---- Material for this exercise

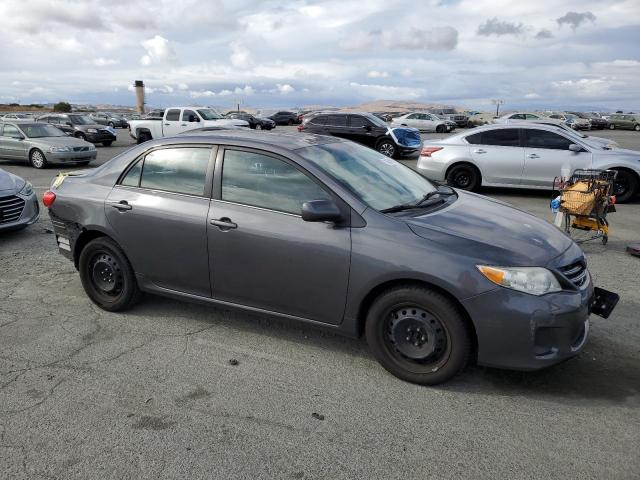 2T1BU4EE7DC009816 - 2013 TOYOTA COROLLA BASE Grau Foto 4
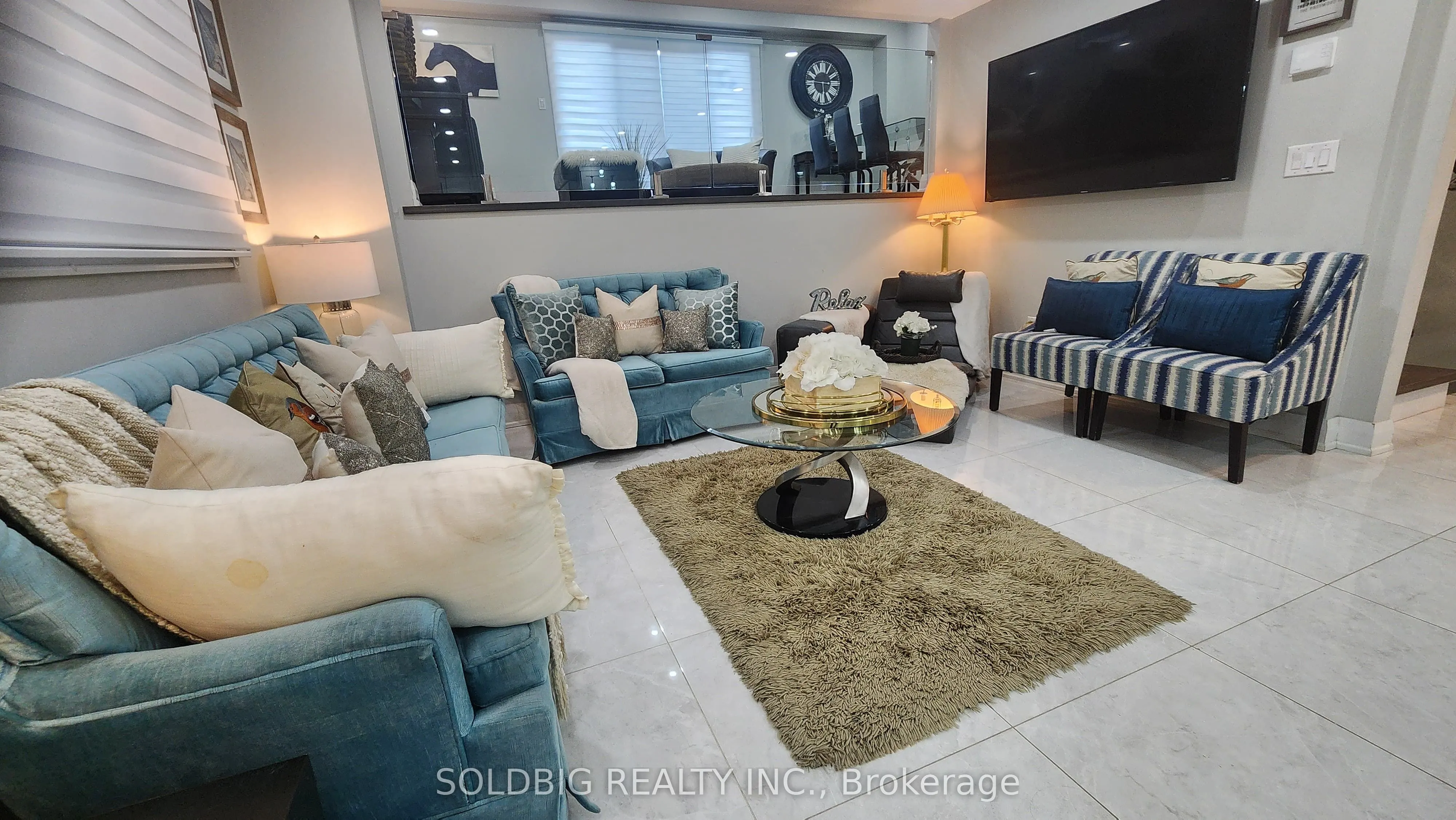 4079 Trapper Crescent, #Upper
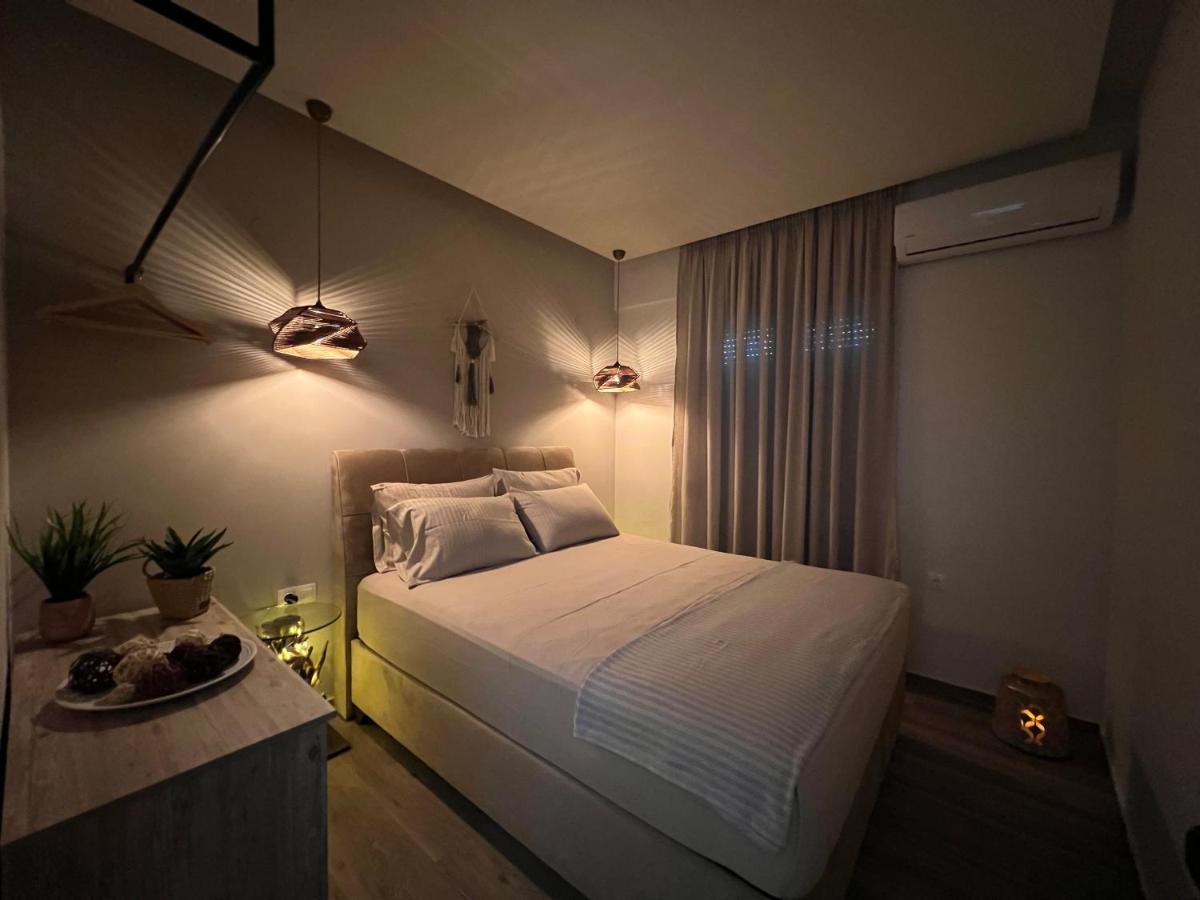 Supreme Malibu Suite Alexandroupoli Bagian luar foto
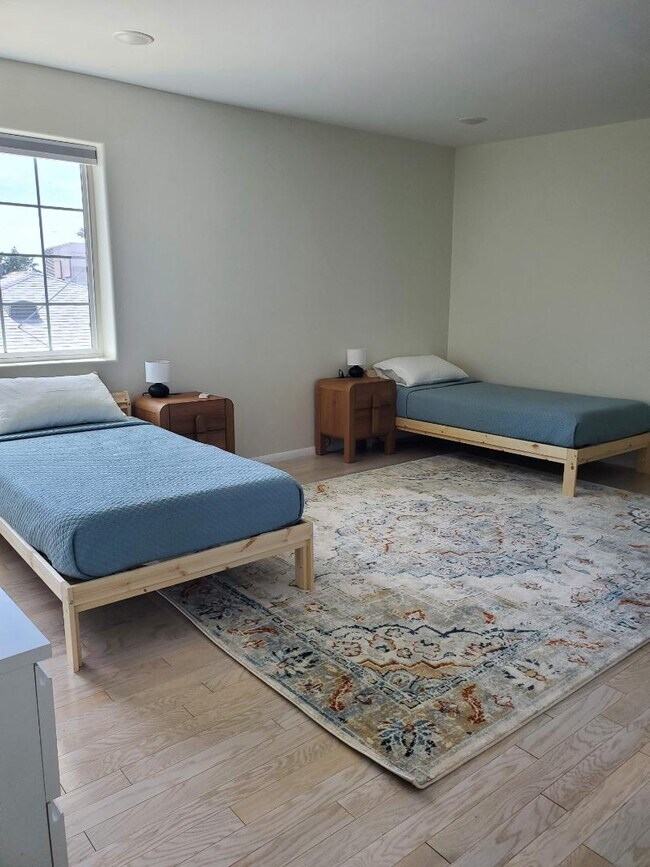 Building Photo - 1520 W Encanto Blvd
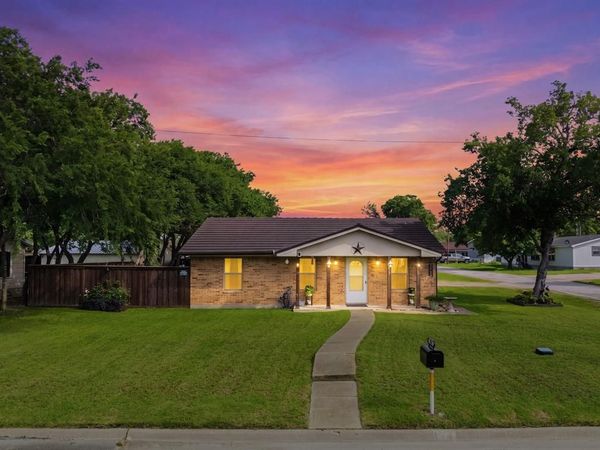 201 E Main Street, Avalon, TX 76623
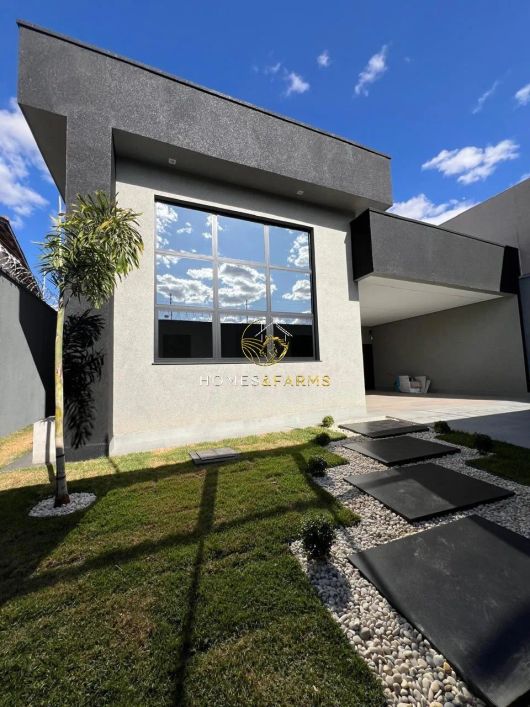 Belíssima Casa com localização Privilegiada
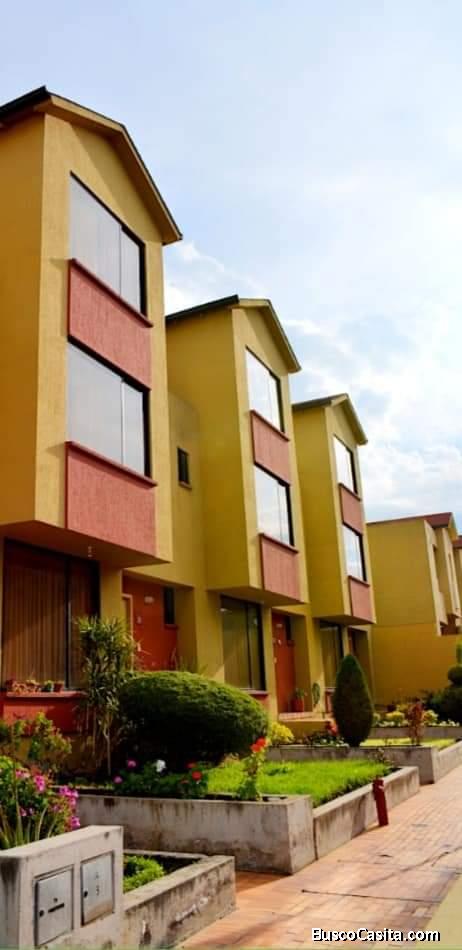 Casa venta amplia, 4 dormitorios, Sector Carcelén 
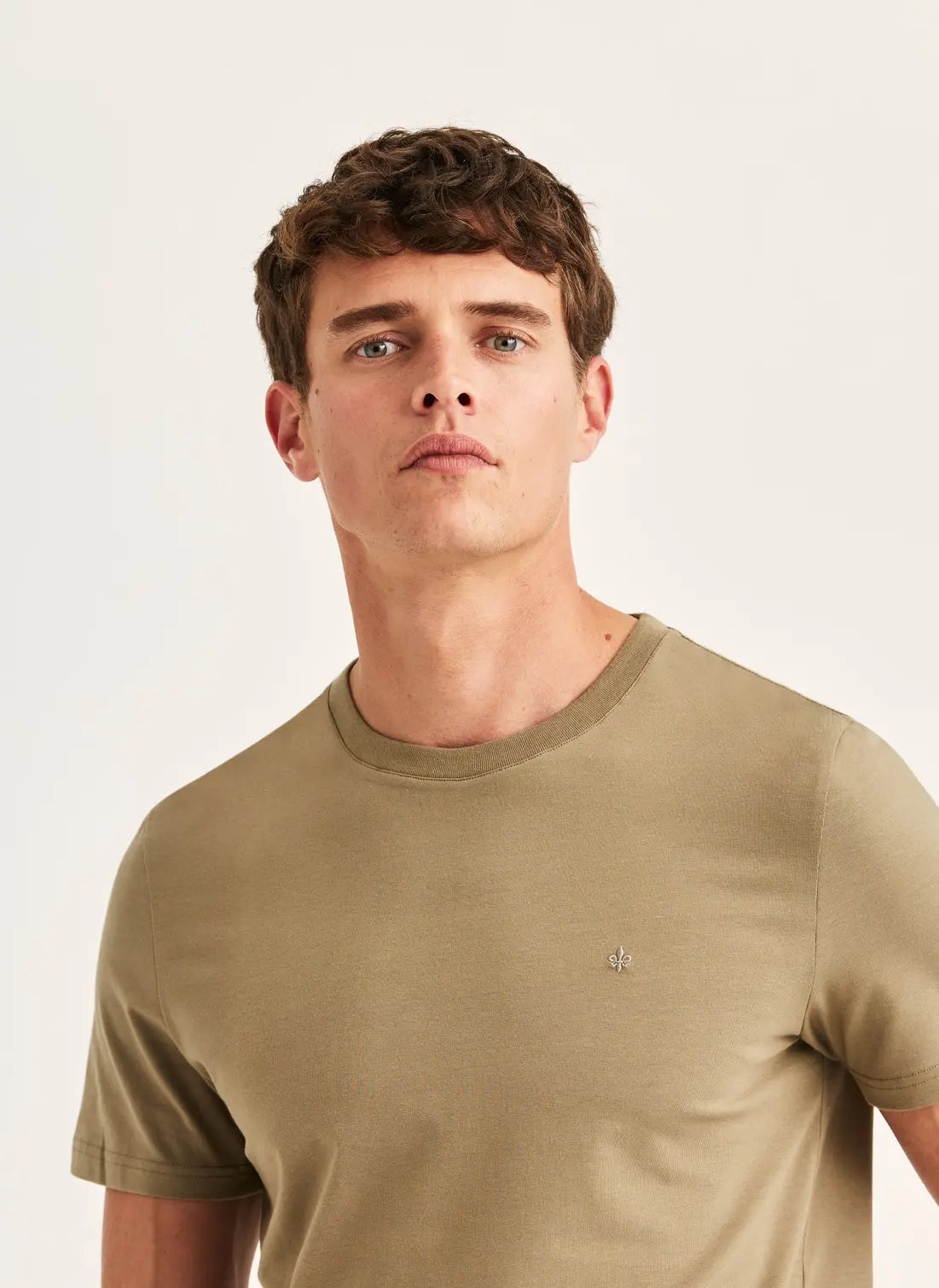 Morris James Tee Olive - Mojo Independent Store
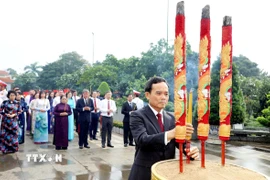 Bí thư Thành ủy Thành phố Hồ Chí Minh Trần Lưu Quang dâng hương tại Nghĩa trang Thành phố Hồ Chí Minh (Lạc Cảnh). (Ảnh: Thanh Vũ/TTXVN)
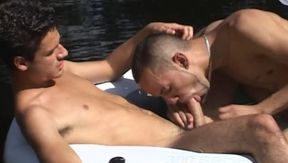 Horny Latino guys : fuck in the wild, fuck in the car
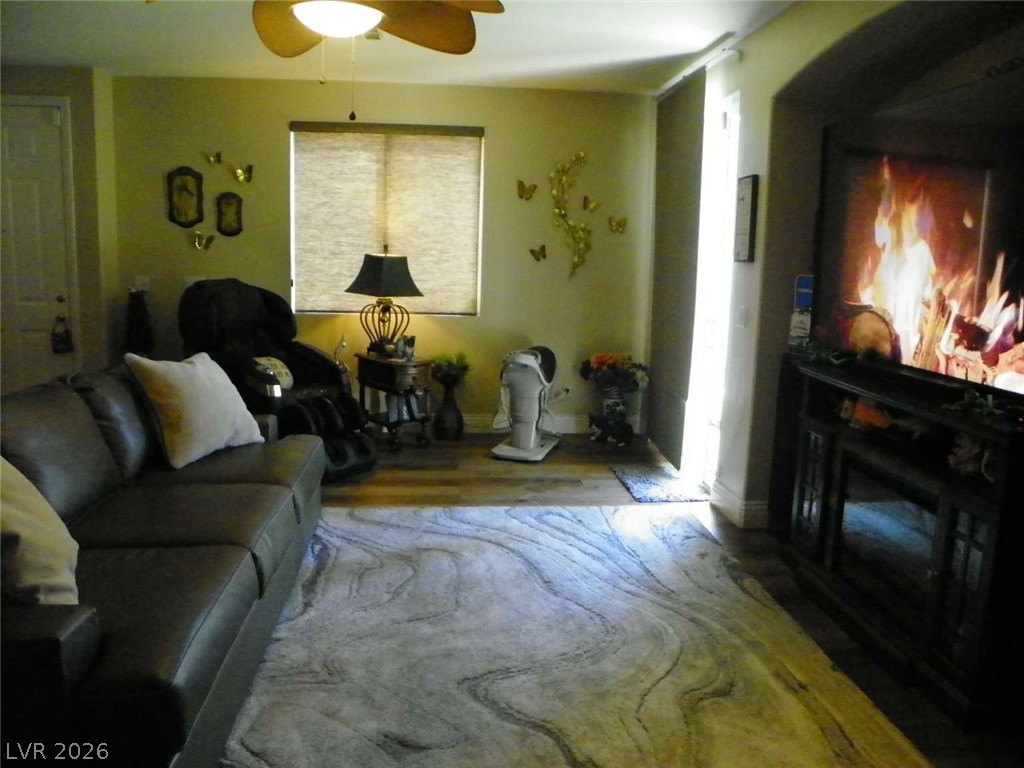 6233 Ordaz Avenue 103 Property Photo 16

--------

*Work order:* A word-for-word restatement of all the lines above is needed, with the pictures omitted.

*Solution below:*
 2T1BU4EE7DC009816 - 2013 TOYOTA COROLLA BASE Grau Foto 4
 4079 Trapper Crescent, #Upper
 Supreme Malibu Suite Alexandroupoli Bagian luar foto
 Building Photo - 1520 W Encanto Blvd
 201 E Main Street, Avalon, TX 76623
 Belíssima Casa com localização Privilegiada
 Casa venta amplia, 4 dormitorios, Sector Carcelén 
 Morris James Tee Olive - Mojo Independent Store
 Bí thư Thành ủy Thành phố Hồ Chí Minh Trần Lưu Quang dâng hương tại Nghĩa trang Thành phố Hồ Chí Minh (Lạc Cảnh). (Ảnh: Thanh Vũ/TTXVN)
 Horny Latino guys : fuck in the wild, fuck in the car
 6233 Ordaz Avenue 103 Property Photo 16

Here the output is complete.